There are hundreds, perhaps thousands of sites of archaeological importance throughout the world. In this study, the alignments of over two-hundred ancient sites were measured and analyzed. Sites are organized into eight geographic regions: South America, Mesoamerica, North America, Europe, the Middle East, Africa, Asia, and the Pacific Ocean. Google Earth imagery and measurement tools were used to estimate the alignment of linear and rectilinear structures at these sites with respect to true (geographic) north. In considering standard celestial and geographic reasons for the alignments, many were found to be oriented to the cardinal directions, in the directions of solstices and other solar events, to lunar standstills, and certain stars. A number of sites in China and Thailand were likely aligned to magnetic north at the time of construction using a compass. Some sites appear to have been aligned to “sacred directions” that include Islamic qibla and Quechua ceques. Site alignment statistics reveal similarities and differences between geographical regions in terms of how sites within regions are aligned. Perhaps the most unexpected finding is that the alignment of about half of the sites could not be explained in terms of any of the reasons considered.
In a previous study of over two hundred ancient sites, the alignments of almost half of the sites could not be explained. These sites are distributed throughout the world and include the majority of Mesoamerican pyramids and temples that are misaligned with respect to true north, megalithic structures at several sites in Peru’s Sacred Valley, some pyramids in Lower Egypt, and numerous temples in Upper Egypt. A new model is proposed to account for the alignment of certain unexplained sites based on an application of Charles Hapgood’s hypothesis that global patterns of climate change over the past 100,000 years could be the result of displacements of the Earth’s crust and corresponding shifts of the geographic poles. It is shown that over 80% of the unexplained sites reference four locations within 30° of the North Pole that are correlated with Hapgood’s hypothesized pole locations. The alignments of these sites are consistent with the hypothesis that if they were built in alignment with one of these former poles they would be misaligned to north as they are now as the result of subsequent geographic pole shifts.

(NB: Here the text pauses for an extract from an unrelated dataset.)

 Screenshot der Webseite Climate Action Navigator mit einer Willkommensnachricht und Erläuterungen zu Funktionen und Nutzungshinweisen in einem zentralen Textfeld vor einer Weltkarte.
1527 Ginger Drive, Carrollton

A new approach for dating archaeological sites is described. The method is inspired by Hapgood’s hypothesis that patterns of glaciation and ice ages can be explained by shifts in the geographic location of the North Pole. We have identified over fifty archaeological sites throughout the world that could have once been aligned to north (i.e., to one of these past poles) when the sites were first established but are now misaligned due to subsequent pole shifts. An algorithm is described that fuses the location and orientation of these sites with Hapgood’s original climate-dated pole locations to infer the date of construction of the associated sites. The results suggest that these sites may be far older than is currently thought.